***** Task inputs *****

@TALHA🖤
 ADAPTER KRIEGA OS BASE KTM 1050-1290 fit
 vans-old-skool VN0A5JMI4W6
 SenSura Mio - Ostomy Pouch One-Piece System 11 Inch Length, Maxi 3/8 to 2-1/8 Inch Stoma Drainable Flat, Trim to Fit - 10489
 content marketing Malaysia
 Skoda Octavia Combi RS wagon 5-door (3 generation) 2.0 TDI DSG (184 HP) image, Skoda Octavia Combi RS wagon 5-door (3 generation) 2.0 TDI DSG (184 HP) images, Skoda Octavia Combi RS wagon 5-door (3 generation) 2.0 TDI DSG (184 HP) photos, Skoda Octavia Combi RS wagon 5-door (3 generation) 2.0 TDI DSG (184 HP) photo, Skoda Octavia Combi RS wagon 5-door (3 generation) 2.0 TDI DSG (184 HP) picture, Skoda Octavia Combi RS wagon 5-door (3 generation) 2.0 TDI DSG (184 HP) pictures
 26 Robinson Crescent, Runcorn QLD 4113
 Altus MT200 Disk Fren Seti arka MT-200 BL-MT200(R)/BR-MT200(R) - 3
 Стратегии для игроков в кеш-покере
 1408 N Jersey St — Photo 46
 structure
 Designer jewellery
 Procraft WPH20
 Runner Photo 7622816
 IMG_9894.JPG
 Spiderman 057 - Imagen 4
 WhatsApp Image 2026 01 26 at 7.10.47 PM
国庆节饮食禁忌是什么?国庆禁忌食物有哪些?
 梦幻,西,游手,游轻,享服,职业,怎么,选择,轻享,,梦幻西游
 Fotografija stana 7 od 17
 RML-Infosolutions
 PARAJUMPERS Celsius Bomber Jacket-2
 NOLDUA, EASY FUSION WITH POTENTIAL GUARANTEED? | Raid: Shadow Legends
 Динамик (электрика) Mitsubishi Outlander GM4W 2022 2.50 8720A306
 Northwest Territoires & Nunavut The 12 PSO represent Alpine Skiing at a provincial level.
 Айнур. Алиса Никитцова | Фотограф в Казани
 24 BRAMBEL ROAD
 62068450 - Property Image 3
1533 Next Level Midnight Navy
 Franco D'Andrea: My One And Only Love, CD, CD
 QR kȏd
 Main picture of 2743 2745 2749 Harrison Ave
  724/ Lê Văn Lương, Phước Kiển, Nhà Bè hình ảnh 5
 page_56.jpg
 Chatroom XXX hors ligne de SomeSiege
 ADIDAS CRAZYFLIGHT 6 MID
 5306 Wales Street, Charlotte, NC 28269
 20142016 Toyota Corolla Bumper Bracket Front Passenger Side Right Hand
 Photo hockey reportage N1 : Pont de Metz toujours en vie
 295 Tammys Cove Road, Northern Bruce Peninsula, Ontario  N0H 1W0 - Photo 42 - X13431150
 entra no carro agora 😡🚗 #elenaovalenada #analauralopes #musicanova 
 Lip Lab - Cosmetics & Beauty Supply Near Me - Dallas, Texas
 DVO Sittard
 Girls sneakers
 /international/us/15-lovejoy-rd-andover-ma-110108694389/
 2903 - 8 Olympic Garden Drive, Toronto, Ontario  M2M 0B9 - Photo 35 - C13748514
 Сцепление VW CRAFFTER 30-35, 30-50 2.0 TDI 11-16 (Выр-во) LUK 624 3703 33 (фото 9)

*****

■ **Work to be completed**
After locating the line that contains "content marketing Malaysia", please copy exactly every line from the start of the records through it, and nothing else.

■ **Exercise response**
@TALHA🖤
 ADAPTER KRIEGA OS BASE KTM 1050-1290 fit
 vans-old-skool VN0A5JMI4W6
 SenSura Mio - Ostomy Pouch One-Piece System 11 Inch Length, Maxi 3/8 to 2-1/8 Inch Stoma Drainable Flat, Trim to Fit - 10489
 content marketing Malaysia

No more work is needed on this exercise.